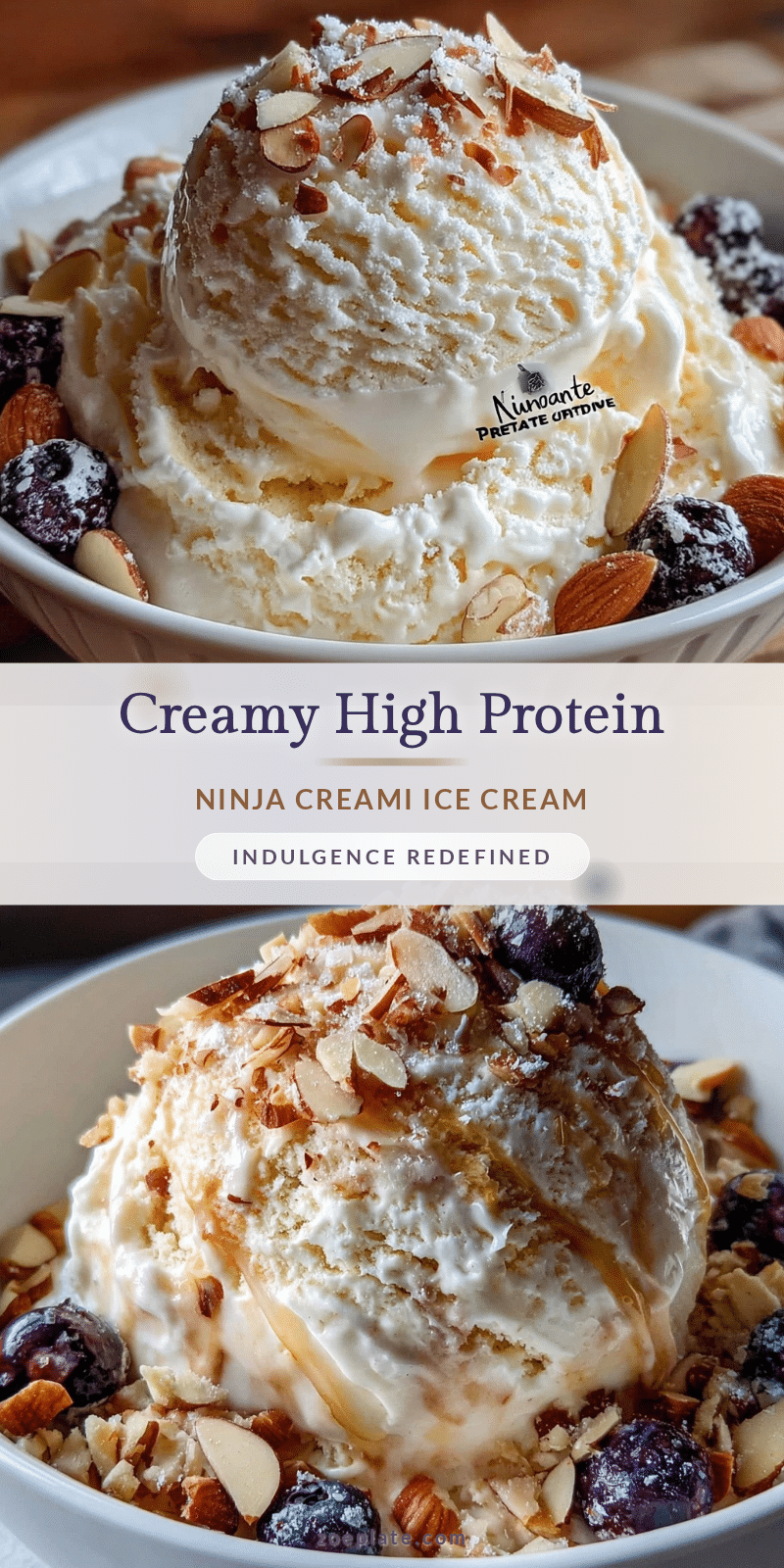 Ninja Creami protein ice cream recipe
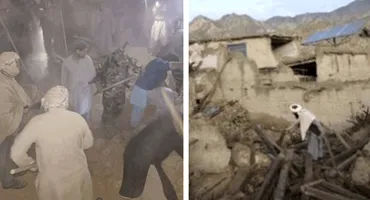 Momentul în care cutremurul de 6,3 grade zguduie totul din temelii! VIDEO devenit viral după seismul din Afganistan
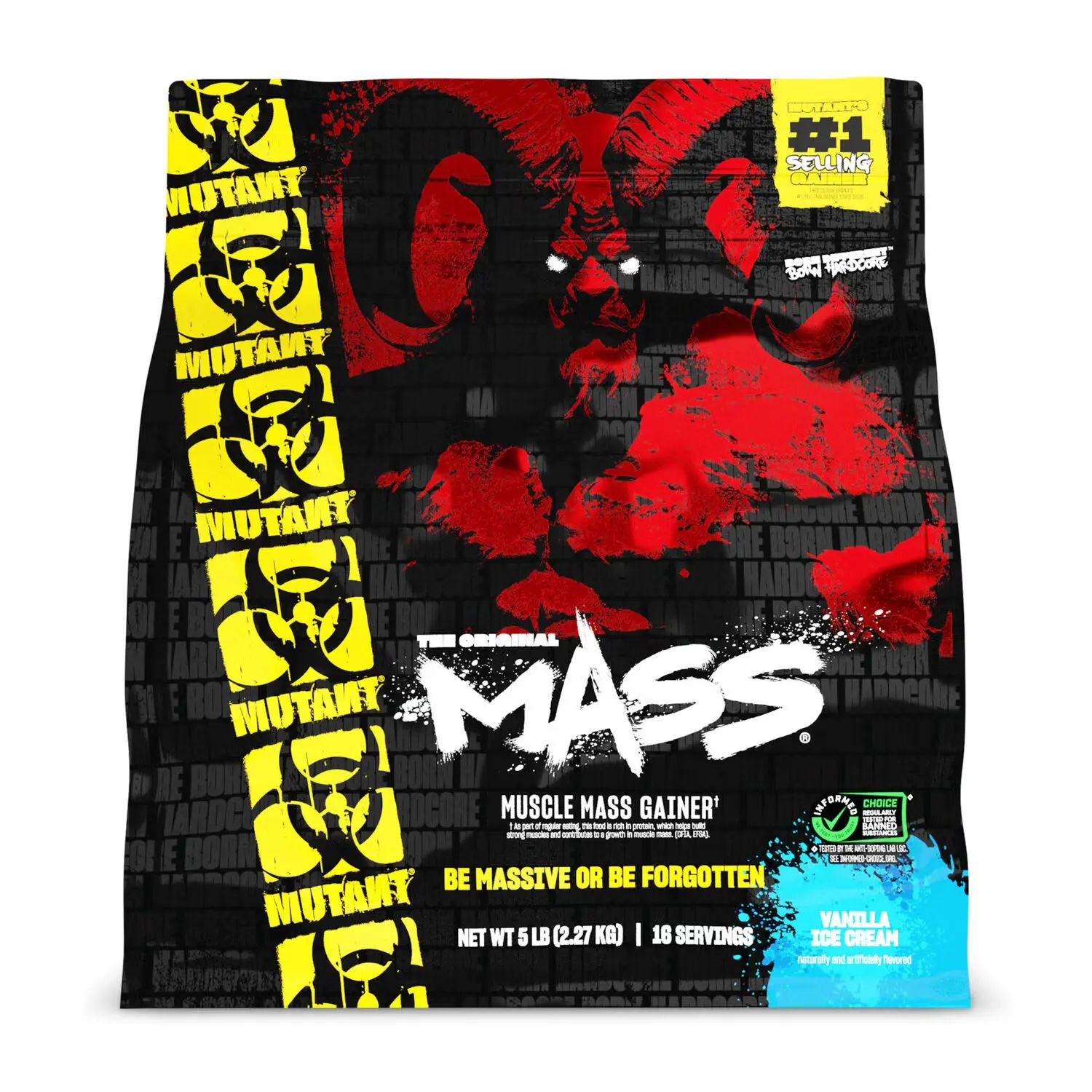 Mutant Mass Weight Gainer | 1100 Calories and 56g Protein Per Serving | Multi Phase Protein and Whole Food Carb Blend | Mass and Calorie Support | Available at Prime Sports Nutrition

==

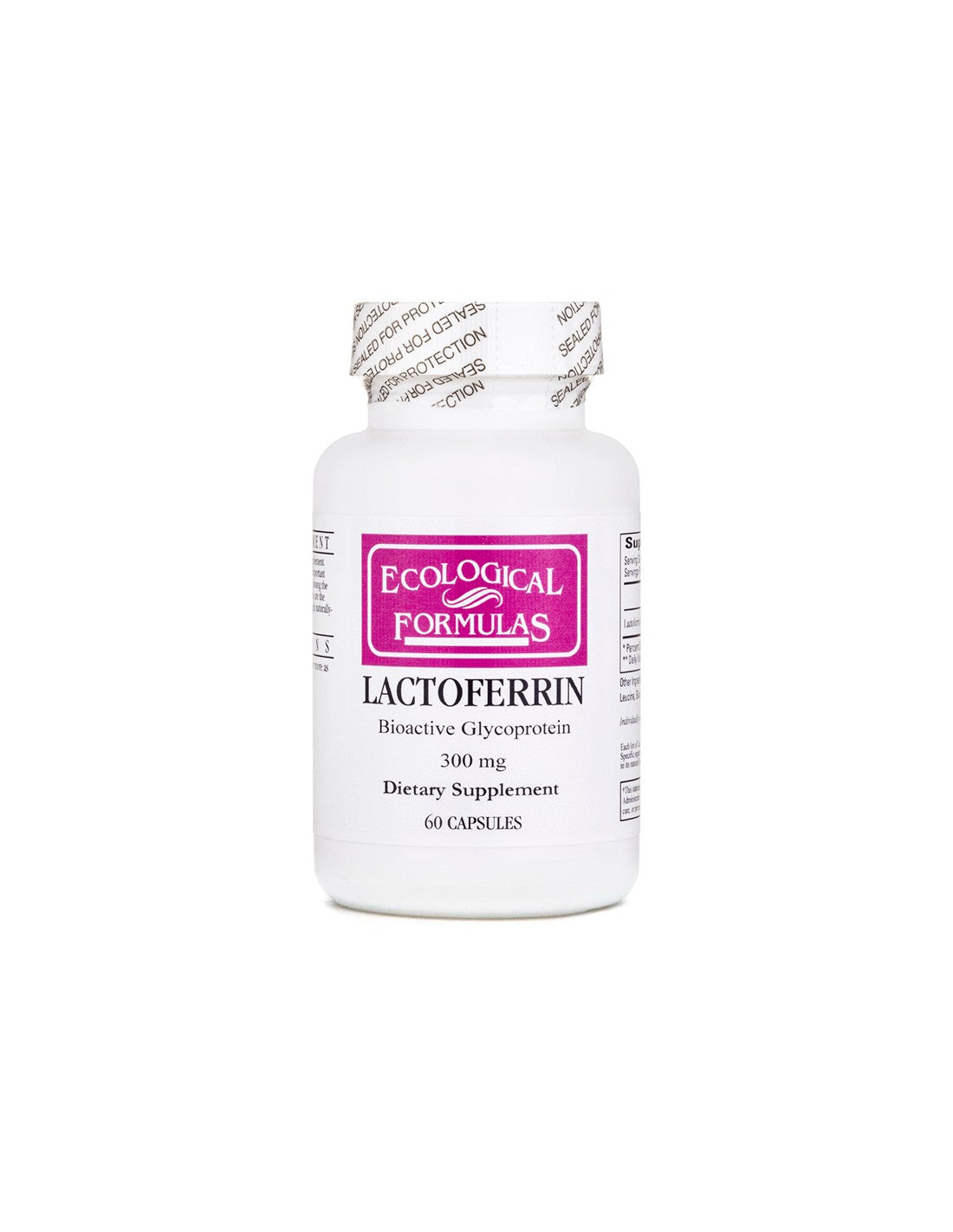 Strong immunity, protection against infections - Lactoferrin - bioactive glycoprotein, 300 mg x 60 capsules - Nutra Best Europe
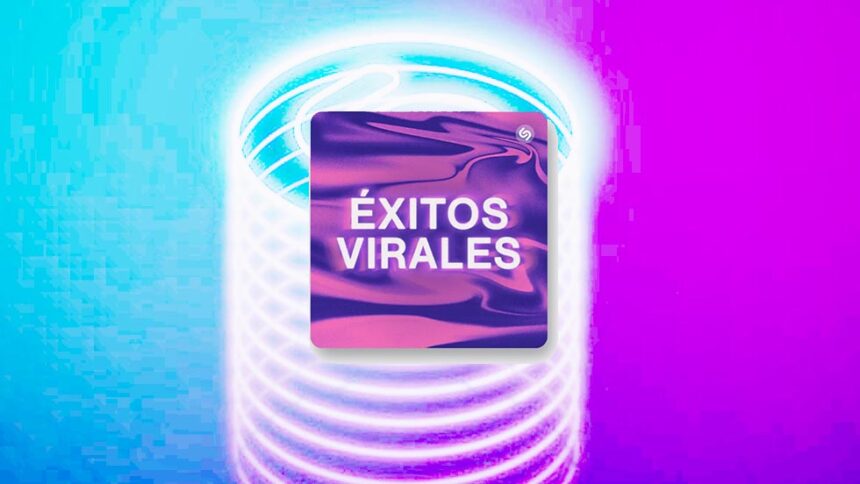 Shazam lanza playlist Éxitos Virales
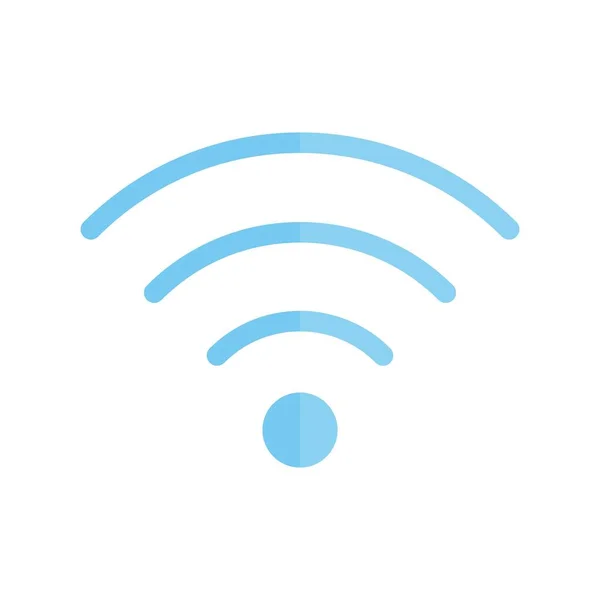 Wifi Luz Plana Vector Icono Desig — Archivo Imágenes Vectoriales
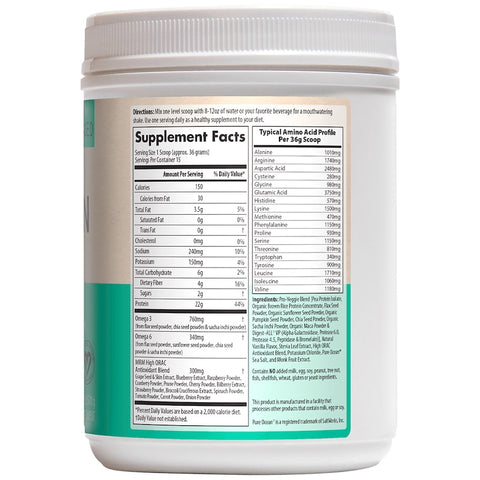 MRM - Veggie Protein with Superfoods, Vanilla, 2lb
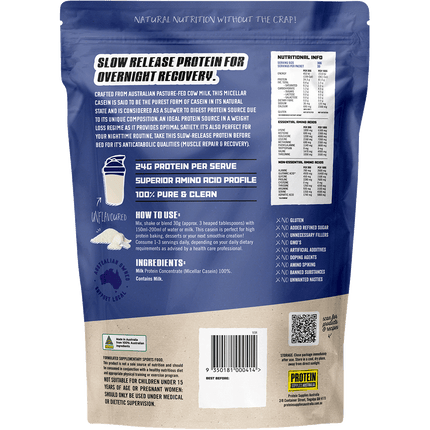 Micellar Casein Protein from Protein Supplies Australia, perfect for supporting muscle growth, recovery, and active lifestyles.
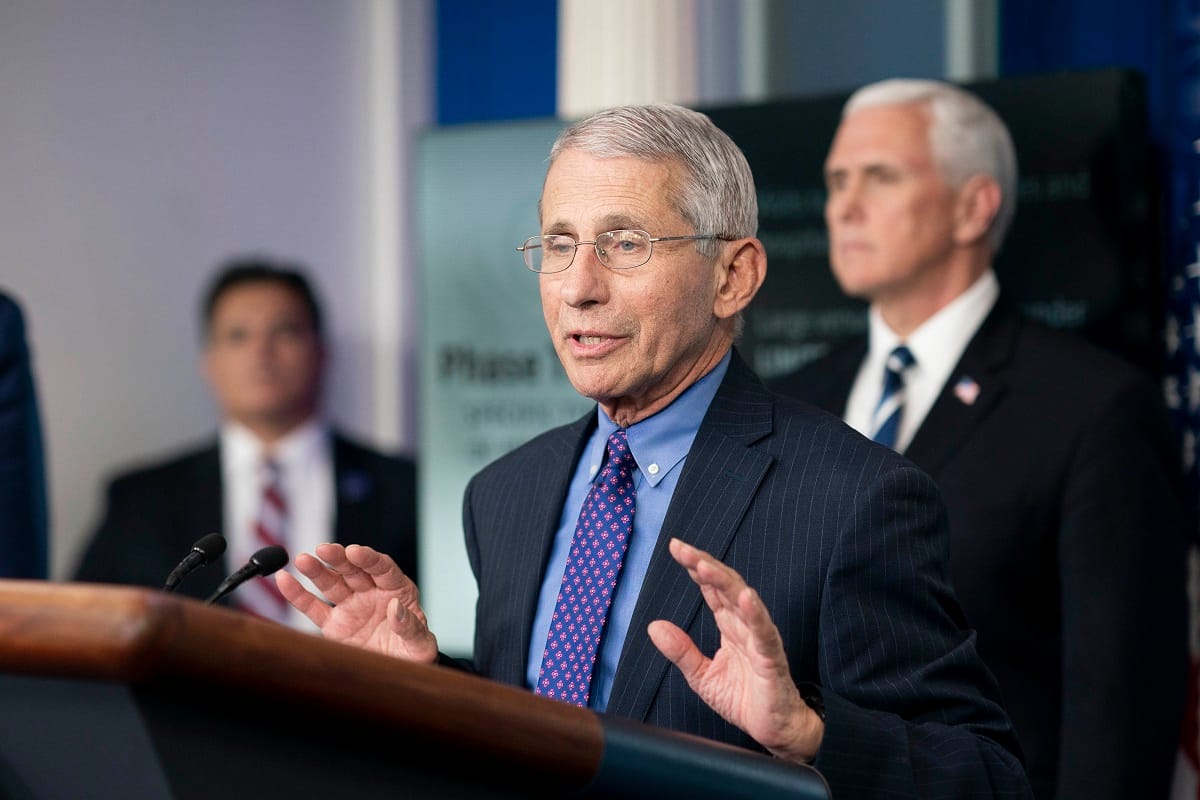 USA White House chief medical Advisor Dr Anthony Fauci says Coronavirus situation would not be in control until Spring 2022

* * *

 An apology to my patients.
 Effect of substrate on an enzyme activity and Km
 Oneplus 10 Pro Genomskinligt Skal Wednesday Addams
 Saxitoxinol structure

§ EXERCISE DIRECTIONS:
Above are records with pictures. Reproduce exactly only the lines from the line with "Momentul în care" through the line with "Mutant Mass Weight", both ends included, and leave the pictures out.

§ SOLUTION TO THIS TASK:
 Momentul în care cutremurul de 6,3 grade zguduie totul din temelii! VIDEO devenit viral după seismul din Afganistan
 Mutant Mass Weight Gainer | 1100 Calories and 56g Protein Per Serving | Multi Phase Protein and Whole Food Carb Blend | Mass and Calorie Support | Available at Prime Sports Nutrition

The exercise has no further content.